Exploring the MESI & MUNSTER eddy datasets
Author: Cara Wilson History | Updated 2026-3-24
This code explores the eddy field around a cruise track using a number of different datasets: Sea level anomalies from satellite altimetery and the MESI and MUNSTER dataset. Underway ship data from NOAA ship the Nancy Foster that was in the Gulf in June 2025. First 4 different maps are made of the region the ship went though, plotting SSH (sea surface height anomaly), EKE (eddy kinetic energy), MESI (multiparameter eddy strength index) and the positions of cyclonic and anticyclonic eddies. Then maps are made showing the values of EKE, MESI and the eddy ID numbers synoptic with the cruise track.

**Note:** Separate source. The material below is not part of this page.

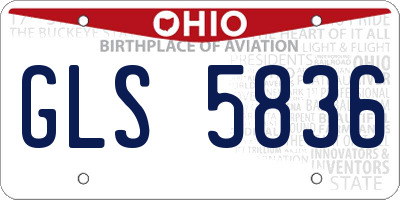 OH license plate GLS5836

knitr::opts_chunk$set(echo = TRUE)Load Packages
packages <- c(
"ncdf4", "plyr", "lubridate", "rerddap", "ggplot2", "plotdap",
"tidyverse", "scales", "rerddapXtracto", "maps", "mapdata",
"grid", "gridExtra", "reshape2", "viridis", "plotly",
"ggrepel", "patchwork", "magrittr"
)
to_install <- setdiff(packages, rownames(installed.packages()))
if (length(to_install) > 0) {
install.packages(to_install)
}
purrr::walk(packages, library, character.only = TRUE)Get the ship underway data for Nancy Foster in the Gulf in June 2025
# Download ship data
dataset <- "fsuNoaaShipWTER"
ship <- tabledap(
dataset,
url = "https://coastwatch.pfeg.noaa.gov/erddap/",
fields = c("longitude", "latitude", "time", "salinity", "seaTemperature"),
"time>=2025-06-10",
"time<=2025-06-19"
)
# Convert longitude to 180 format for plotting and rename variables
ship <- ship %>%
dplyr::mutate(
longitude = longitude - 360
) %>%
dplyr::rename(
Ship_SST = seaTemperature,
Salinity = salinity
)Subset track every 2 hours
Initially tried averaging into a daily product, but that produced points that were not actually along the survey track, and didn’t have enough track coverage, so instead subsetting every 2 hours.
ship_2 <- ship %>%
dplyr::slice(seq(1, dplyr::n(), by = 120))Get boundaries of trackline
# Define ranges and midpoint time
trange <- range(ship$time)
midt <- ship %>%
dplyr::summarise(midt = as.character(as.Date(median(time)))) %>%
dplyr::pull(midt)
xrange <- range(ship$longitude)
yrange <- range(ship$latitude)Get fields of EKE, SLA and eddy labels
# The MESI data set contains SSH, EKE and the MESI data, while the MUNSTER dataset provides the
# unique identification of specific eddies.
# Here the data is being extracted for only one day, for the entire region transversed by the ship.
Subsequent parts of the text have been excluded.